The failure of the law school concept has led to the neglect of faculties of law and the decline of training for legal scholars, and together with the neglect of the Legislative Council and the Cabinet Legislation Bureau, the pride of Japanese legal scholarship since the Meiji era is disappearing day by day.
Japan Is a Plump and Tasty Prey
From the perspective of foreign experts who know this world thoroughly, Japan is a plump and tasty prey naive about law.
Unlike Britain, Japan does not even have a right to request information on the attributes and identities of shareholders, and yet shareholder value maximization is emphasized.
It is an overly good-natured country that does not question dialogue with people whose “qualification to speak” is dubious, or their exercise of voting rights.

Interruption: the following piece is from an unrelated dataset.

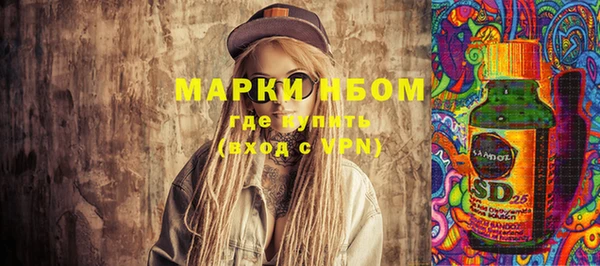 MDMA Бородино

The reality of this escape drama is probably that Ghosn had been inwardly laughing at the level of Japanese law, only to find that the sudden implementation of plea bargaining was not what he had expected.
There seem to be many people who assume that he was a great manager who improved Nissan’s management, but that view is based on the mistaken idea that it is justice to dismiss large numbers of workers and close large factories in order to raise the stock price.
Today, when, following Europe, even the United States is trying to abandon shareholder-first capitalism, the argument “Avoid easy imitation” was prominently featured in the Nikkei Shimbun’s “Economic Classroom” on December 18 of last year.
The problem lies in the following statement made by the person advancing that argument in his main work: “A desirable company law is efficient in the sense that the net benefit, obtained by subtracting costs from benefits, becomes as large as possible.”
The very idea of measuring the diverse values of human beings only by economic value was mistaken from the beginning.